Proses penyidikan masih terus berjalan dan belum bisa menyampaikan apa yang menjadi kerja sama antara pihak pemohon dan termohon. “Penyidik sudah menetapkan dengan proyek pemeriksaan masalah ekspor dan kewajiban DMO tentunya penyidik sudah memiliki alat bukti. ”

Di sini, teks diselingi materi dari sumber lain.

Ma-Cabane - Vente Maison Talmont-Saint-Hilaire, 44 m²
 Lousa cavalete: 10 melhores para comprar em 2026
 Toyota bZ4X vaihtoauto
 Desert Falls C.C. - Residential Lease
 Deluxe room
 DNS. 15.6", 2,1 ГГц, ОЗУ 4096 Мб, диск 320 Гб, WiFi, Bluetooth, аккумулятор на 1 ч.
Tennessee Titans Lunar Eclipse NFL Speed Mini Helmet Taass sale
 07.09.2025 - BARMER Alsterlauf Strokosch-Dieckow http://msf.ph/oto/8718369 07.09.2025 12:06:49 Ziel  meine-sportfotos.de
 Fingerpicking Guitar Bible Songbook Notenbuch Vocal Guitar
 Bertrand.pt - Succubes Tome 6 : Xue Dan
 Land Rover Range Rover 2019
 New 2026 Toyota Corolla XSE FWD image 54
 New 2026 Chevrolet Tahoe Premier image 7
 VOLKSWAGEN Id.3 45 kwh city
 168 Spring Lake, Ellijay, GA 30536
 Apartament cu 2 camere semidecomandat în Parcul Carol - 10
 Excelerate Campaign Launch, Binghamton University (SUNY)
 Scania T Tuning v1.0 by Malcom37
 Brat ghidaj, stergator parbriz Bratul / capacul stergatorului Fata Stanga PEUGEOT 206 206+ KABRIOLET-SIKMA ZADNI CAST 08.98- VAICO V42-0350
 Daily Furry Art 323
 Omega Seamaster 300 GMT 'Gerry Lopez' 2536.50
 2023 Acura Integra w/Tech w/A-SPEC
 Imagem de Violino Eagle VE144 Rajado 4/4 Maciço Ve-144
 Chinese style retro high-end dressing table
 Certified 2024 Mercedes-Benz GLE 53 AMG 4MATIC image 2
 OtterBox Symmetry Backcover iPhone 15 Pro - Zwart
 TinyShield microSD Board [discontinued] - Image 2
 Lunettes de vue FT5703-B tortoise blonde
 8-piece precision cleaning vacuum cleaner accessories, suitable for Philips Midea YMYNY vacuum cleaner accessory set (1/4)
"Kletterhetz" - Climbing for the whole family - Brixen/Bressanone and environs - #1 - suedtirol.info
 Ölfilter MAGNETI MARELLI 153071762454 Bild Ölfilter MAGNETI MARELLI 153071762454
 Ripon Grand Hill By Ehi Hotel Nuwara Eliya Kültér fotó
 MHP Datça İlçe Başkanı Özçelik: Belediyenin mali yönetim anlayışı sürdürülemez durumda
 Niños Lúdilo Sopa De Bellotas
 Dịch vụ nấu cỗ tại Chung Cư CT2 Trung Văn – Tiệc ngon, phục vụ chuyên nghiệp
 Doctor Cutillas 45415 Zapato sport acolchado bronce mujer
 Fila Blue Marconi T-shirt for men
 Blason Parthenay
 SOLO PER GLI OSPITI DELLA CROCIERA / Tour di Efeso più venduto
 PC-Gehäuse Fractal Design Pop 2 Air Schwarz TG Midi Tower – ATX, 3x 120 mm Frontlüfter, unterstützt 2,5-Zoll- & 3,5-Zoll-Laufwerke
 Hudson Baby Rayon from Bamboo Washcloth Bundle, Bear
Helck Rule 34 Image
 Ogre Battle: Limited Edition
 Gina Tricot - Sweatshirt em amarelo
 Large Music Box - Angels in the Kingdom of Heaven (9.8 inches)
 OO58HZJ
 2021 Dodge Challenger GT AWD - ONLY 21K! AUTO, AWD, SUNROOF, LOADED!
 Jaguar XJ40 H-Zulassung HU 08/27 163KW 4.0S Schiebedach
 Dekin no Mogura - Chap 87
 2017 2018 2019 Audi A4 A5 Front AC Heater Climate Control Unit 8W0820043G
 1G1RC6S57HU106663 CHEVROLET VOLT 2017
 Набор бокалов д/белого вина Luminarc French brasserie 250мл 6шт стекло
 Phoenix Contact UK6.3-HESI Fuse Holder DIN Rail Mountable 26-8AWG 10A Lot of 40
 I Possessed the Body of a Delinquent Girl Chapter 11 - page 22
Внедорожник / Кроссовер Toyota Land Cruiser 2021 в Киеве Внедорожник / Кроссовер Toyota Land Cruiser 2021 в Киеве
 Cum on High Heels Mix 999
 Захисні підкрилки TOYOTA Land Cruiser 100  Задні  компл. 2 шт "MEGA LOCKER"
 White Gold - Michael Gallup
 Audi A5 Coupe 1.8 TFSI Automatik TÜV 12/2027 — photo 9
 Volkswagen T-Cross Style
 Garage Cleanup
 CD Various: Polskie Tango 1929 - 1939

Indonesia menghasilkan 59% dari pasokan global bahan dasar minyak goreng di Indonesia dan bahan bakar nabati. Sejak akhir tahun lalu, kelangkaan minyak goreng jadi persoalan serius.
KPPU bergerak
Ada 14.000-an orang menanda tangani petisi online dengan hastag #TurunkanHargaMinyakGoreng mendesak KPPU untuk mengusut tuntas dugaan kartel minyak goreng yang digalang oleh koalisi masyarakat sipil. Ia terdiri dari Yayasan Lembaga Konsumen Indonesia (YLKI), Indonesia Corruption Watch (ICW), LBH Jakarta dan Koalisi Rakyat untuk Kedaulatan Pangan.
Tulus Abadi, Ketua Harian YLKI mengatakan, publik mendukung pengungkapan dugaan kartel minyak goreng dengan mahalnya harga setelah pemerintah menetapkan HET di tingkat konsumen.
Guntur Saragih, Wakil Ketua Komisi Pengawas Persaingan Usaha (KPPU) mengatakan, kali pertama ada dukungan publik kepada lembaga pengawas ini. Karena kasus minyak goreng (sawit) ini, berdampak bagi masyarakat.
“Temuan Kejaksaan Agung justru menguatkan dugaan kami. Semua pihak kami coba jaring karena bekerja dalam penegakan hukum persaingan usaha, Yang melibatkan aktor besar memang membutuhkan energi,” katanya dalam konferensi pers belum lama ini.
Menurut KPPU, ada empat perusahaan menguasai perdagangan minyak goreng di Indonesia dan ada dugaan perusahaan ini melakukan praktik kartel serta bersengkokol dalam menentukan harga bersama.
Egi Primayogha, Koordinator Divisi Korupsi Politik ICW mengatakan, petisi ini disuarakan karena kelangkaan dan minyak goreng mahal berlarut-larut tanpa penanganan efektif dari pemerintah.
“Penetapan tersangka ini seakan mengamini pernyataan Menteri Perdagangan, Muhammad Lutfi, yang pernah menyebut mafia sebagai dalang di balik masalah minyak goreng.”